Подумав об этом, Синмэй спрятала руки за спину и ответила:
— Ничего особенного.
Это было равносильно признанию в том, что она только что солгала. Лицо Юй Шаотана помрачнело.
— Нельзя же так врать! — сказал он. — Ты думаешь, легко зарабатывать на жизнь в Цзицин Бань? Пришла сюда и думаешь, что можно бездельничать? Я с самого начала был против того, чтобы тебя брали. Я боялся, что ты не выдержишь трудностей, что у тебя нет терпения. И вот, мои опасения подтвердились.
Эти слова, сказанные еще и в присутствии Шаньху, были слишком обидными для Синмэй. Она не выдержала:
— Мастер Юй, вы считаете, что мне не место в театре?
Видя ее страдания, Юй Шаотан хотел смягчиться, но потом решил, что нужно сказать правду, чтобы не давать ей ложных надежд.
— Не совсем так, — сказал он. — Я просто хочу тебе добра. Ты еще молода, у тебя вся жизнь впереди.
В этих словах сквозило такое явное пренебрежение, что Синмэй почувствовала, как в ней поднимается волна негодования. Она подняла голову и, стараясь скрыть слезы, твердо сказала:
— Я могу выдержать любые трудности и научиться хорошо играть! Если в следующий раз меня снова застанут за бездельем, наказывайте как хотите!
Никто не ожидал от нее такой решимости. Юй Шаотан даже рассмеялся.
— Как хочешь, — сказал он. — В конце концов, твой настоящий учитель — мастер Хуа.
Приняв это близко к сердцу, Синмэй сказала себе: «Я докажу ему, что он ошибается!»

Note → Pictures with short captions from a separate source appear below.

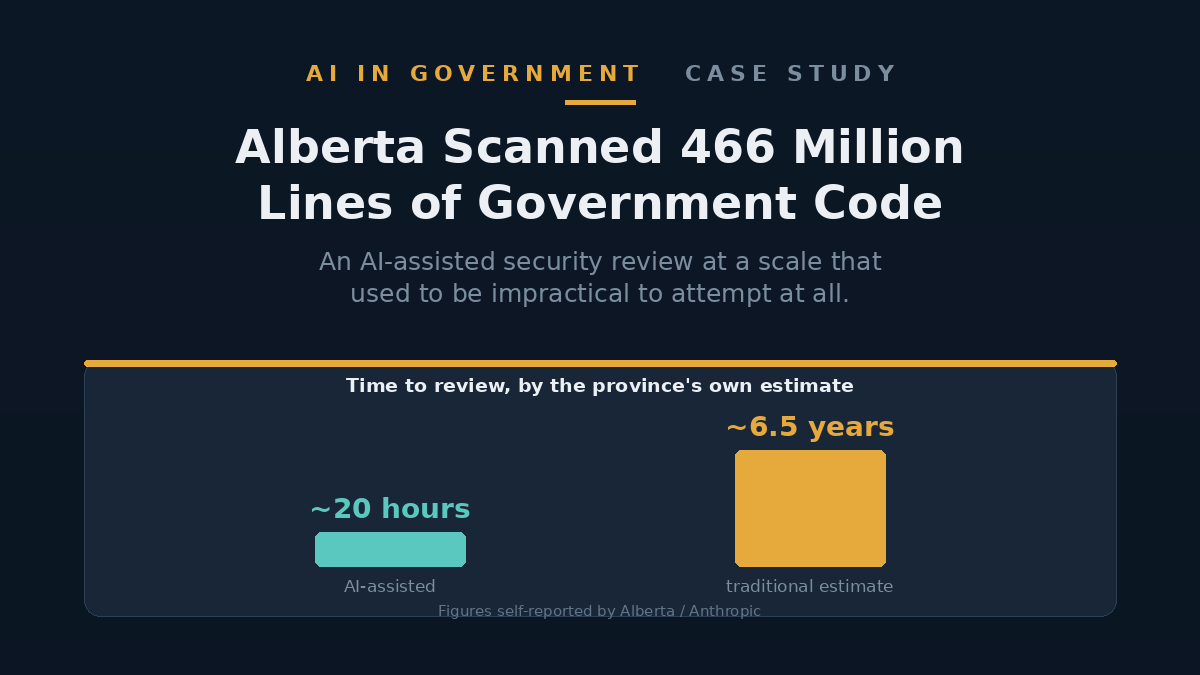 Illustration of an AI agent scanning lines of government code for security flaws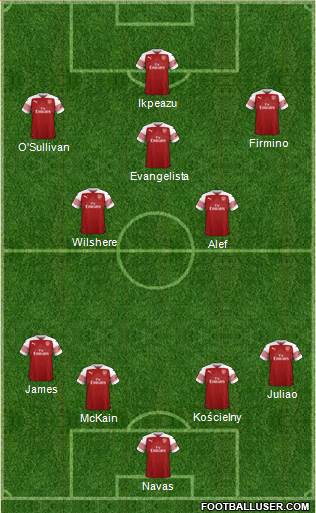 Arsenal Formation 2018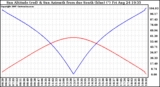 Solar PV/Inverter Performance Sun Altitude Angle & Azimuth Angle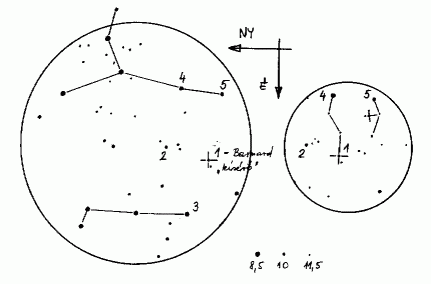 Látómező rajzok a Barnard-csillagról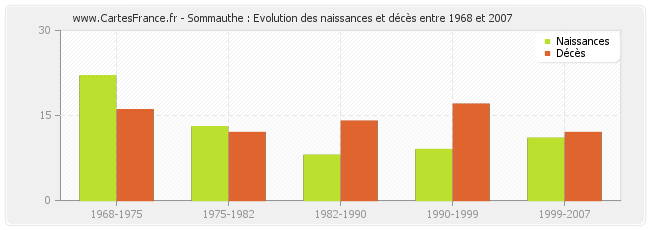 Sommauthe : Evolution des naissances et décès entre 1968 et 2007
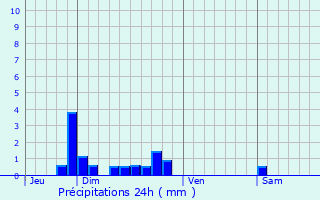 Graphique des précipitations prvues pour Girolles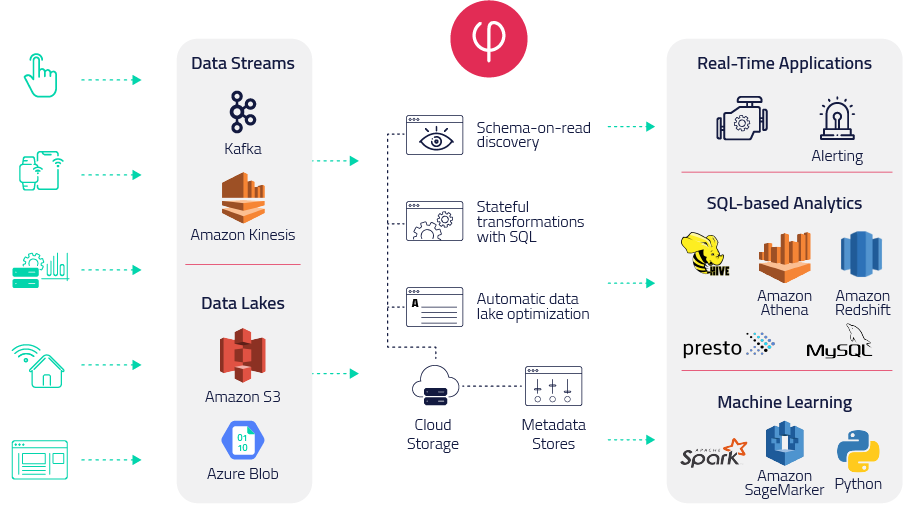 Data Lake ETL Platform | Upsolver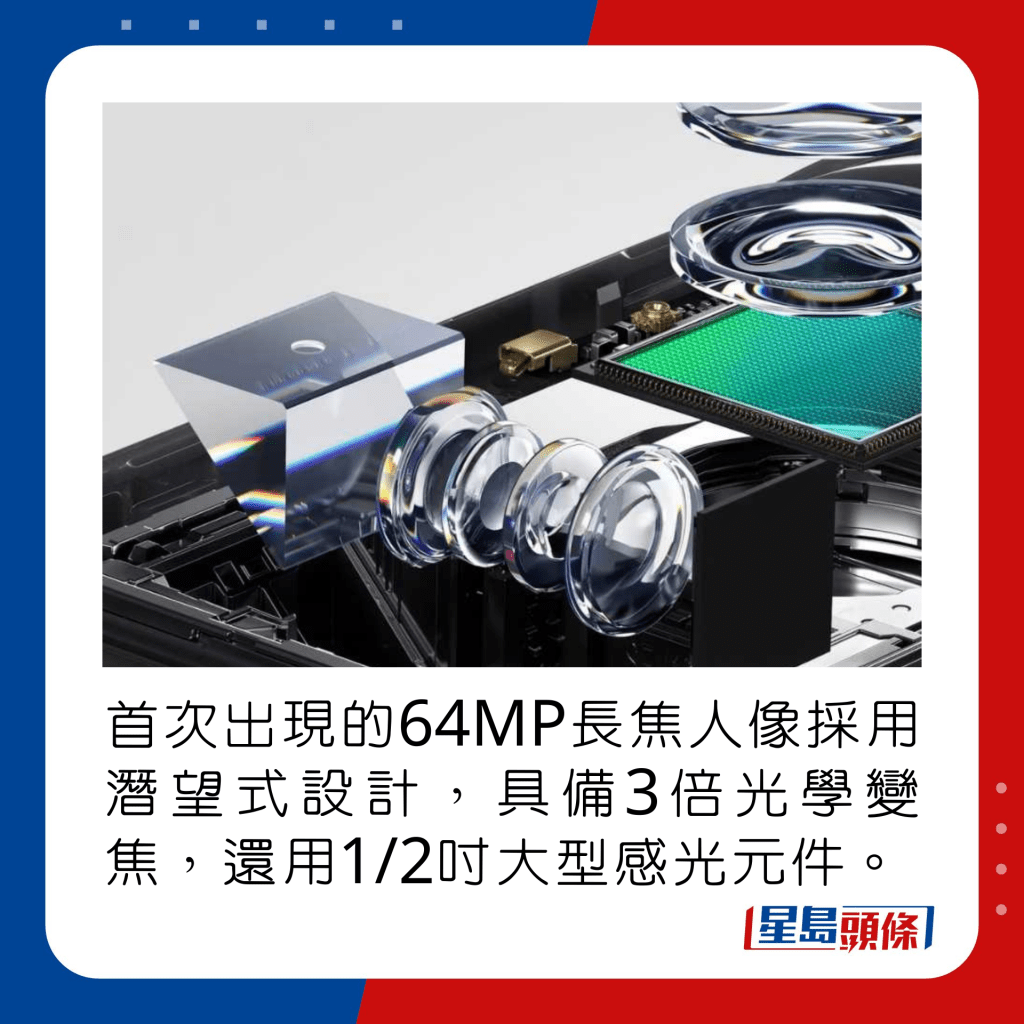 首次出現的64MP長焦人像採用潛望式設計，具備3倍光學變焦，還用1/2吋大型感光元件。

И она действительно перестала лениться. Если у Хуа Юнькуя не было для нее поручений, она стояла за кулисами и внимательно наблюдала за представлениями. Если что-то было непонятно, она спрашивала у мастера Хуа. Когда все тренировались, она тренировалась вместе со всеми. А когда все отдыхали, она уходила в тихое место и распевалась или репетировала движения перед зеркалом.
Труднее всего ей давались тексты пьес. Хоть и были они красивыми, но очень сложными. К счастью, она старательно учила их наизусть, и постепенно слова и мелодии прочно закрепились в ее памяти.
В этот день Синмэй пришла на берег реки. Вспоминая вчерашнее представление Хуа Юнькуя, она тихонько напевала. Пропев несколько раз, она почувствовала, что ей не хватает какой-то изюминки. Она пропела еще раз, и в горле запершило, но она все равно не могла понять, в чем дело.
Пока она размышляла об этом, послышались шаги. Кто-то сказал у нее за спиной:
— Если ты будешь так учиться, то через полгода останешься без голоса.
Синмэй обернулась и увидела Юй Шаотана.
Она немного побаивалась его. А эти слова, в которых сквозило явное пренебрежение, стали последней каплей. Все обиды, накопившиеся за последнее время, вырвались наружу, и она разрыдалась.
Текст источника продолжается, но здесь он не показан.